Women came together, pooled their meager resources and inculcated a culture of decision making by consensus and mutual faith. To keep a track of transactions, cheques were introduced to ensure a paper trail and all decisions were made by participation and co-operation. Men were strictly prohibited from interfering in this issue.
The SHGs applied their experiential learning to improve themselves. Various SHGs from different villages meet together at least once a year to share and learn from their common experiences. As group dynamics improved, the SHGs gave a common platform for group members to share their worries, problems and agony as they searched for meaningful solutions.
The momentum builds…
Prof. Jajoo came up with a novel way to enhance participation by linking participation in the SHG scheme to the already popular Jowar Health Assurance scheme. He said ’We modified the popular Jowar Health Assurance scheme, such that participation in the SHG was one of the four mandatory criteria set forth for participating in the Jowar Health Assurance scheme. Merely satisfying earlier criteria of 75% participation or partners in community based activities like one-house-one latrine scheme, lift-irrigation scheme, etc was no longer applicable for eligibility now.

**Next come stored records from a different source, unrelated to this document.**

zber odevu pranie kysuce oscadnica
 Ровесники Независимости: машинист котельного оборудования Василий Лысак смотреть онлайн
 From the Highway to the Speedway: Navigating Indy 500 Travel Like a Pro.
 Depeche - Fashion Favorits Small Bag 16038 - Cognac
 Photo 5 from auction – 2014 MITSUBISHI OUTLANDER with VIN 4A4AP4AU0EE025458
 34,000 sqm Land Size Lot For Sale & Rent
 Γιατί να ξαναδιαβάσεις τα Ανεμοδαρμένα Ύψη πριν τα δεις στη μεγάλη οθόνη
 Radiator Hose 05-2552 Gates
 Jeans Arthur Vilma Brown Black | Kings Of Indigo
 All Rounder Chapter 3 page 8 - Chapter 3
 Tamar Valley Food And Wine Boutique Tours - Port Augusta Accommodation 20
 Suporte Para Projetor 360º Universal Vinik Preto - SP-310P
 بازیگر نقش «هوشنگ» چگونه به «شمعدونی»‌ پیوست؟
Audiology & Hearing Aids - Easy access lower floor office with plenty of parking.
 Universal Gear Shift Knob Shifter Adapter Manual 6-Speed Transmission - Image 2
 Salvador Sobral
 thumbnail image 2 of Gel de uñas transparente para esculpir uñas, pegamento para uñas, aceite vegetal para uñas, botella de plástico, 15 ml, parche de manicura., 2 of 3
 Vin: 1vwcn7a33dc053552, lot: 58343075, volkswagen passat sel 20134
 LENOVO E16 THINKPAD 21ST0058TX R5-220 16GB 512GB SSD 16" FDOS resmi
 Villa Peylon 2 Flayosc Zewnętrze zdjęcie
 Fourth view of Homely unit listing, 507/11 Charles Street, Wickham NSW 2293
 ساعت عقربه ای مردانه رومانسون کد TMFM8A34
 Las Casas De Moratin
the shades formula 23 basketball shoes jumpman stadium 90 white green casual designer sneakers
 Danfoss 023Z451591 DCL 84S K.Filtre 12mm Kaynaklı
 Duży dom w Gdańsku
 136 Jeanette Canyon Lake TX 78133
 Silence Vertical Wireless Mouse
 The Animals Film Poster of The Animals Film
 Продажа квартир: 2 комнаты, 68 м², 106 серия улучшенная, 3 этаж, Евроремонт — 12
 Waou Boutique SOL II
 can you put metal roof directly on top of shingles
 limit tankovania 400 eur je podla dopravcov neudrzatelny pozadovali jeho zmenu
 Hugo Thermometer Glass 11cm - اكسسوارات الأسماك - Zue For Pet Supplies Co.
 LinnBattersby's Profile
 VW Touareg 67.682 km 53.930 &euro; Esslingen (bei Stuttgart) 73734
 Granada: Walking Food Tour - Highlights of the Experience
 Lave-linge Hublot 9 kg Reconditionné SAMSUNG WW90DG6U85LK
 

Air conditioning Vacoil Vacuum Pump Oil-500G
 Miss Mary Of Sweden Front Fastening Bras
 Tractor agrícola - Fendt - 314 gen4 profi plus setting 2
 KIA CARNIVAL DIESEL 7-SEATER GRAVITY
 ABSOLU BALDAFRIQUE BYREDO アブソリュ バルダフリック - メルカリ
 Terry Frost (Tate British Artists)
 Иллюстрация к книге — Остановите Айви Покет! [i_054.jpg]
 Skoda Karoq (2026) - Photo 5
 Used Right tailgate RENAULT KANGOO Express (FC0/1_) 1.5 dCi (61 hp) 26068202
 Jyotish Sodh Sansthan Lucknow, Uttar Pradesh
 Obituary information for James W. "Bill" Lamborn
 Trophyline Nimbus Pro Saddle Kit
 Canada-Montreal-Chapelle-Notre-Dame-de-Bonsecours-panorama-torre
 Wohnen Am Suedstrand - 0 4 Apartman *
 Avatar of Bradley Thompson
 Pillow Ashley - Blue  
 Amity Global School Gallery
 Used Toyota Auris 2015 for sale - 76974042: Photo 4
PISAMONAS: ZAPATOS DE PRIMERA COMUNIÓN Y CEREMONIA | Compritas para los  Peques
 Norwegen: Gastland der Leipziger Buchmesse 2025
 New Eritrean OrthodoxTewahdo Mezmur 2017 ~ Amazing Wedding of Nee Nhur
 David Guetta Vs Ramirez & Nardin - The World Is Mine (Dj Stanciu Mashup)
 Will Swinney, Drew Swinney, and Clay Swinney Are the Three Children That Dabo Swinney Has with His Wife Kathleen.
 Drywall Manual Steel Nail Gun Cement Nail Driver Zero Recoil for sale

Surprisingly, despite these changes, an ever increasing participation in the SHGs was noticed.’
As the SHG movement gained momentum and its track record and credibility improved, banks started to extend credit and over five years some groups which were transparent in their financial transactions, doubled the credit extended every successive year. Prof. Jajoo mentions ‘We came up with novel ways to provide incentives women to continue participation in the SHGs by offering 12 percent compound interest per year (which no bank or post office offers) on their share of savings and it represented the best investment vehicle, readily available in the village.’
Secondly a common pool was raised out of extra interest earned. As the credit rating for the SHGs improved the bank were ready to extended credit at much lower rates of 12% per year. The group in turn could loan it at a higher rate of 36% thus bringing in additional revenues to the SHGs. After offering compound interest of 12% on the member share, the rest was kept in a revolving fund owned by the entire group which could be be utilized for (a) microfinancing, (b) boosting credit linkages with banks, (c) funding common programmes, educative camps, study tours, and meditation camp. Some groups could extend loans for as much as rupees fifty thousand per member.
Prof. Jajoo recalls ‘We saw firsthand the true benefit of this SHG scheme and the milestones achieved for women self- empowerment and betterment. Families having difficulty in the past obtaining loans due to prior defaults became active participating members of the scheme.’ He added ‘Many families were liberated from the grasp of money lenders, who charged exorbitant rates of upto 10% or more per month. With the corpus swelling, the income generated out of the interest started taking care of the loan requirements itself. Crop loans also brought out a significant shift in the status of women in the family as they changed from being the oppressed to the breadwinner of the family.’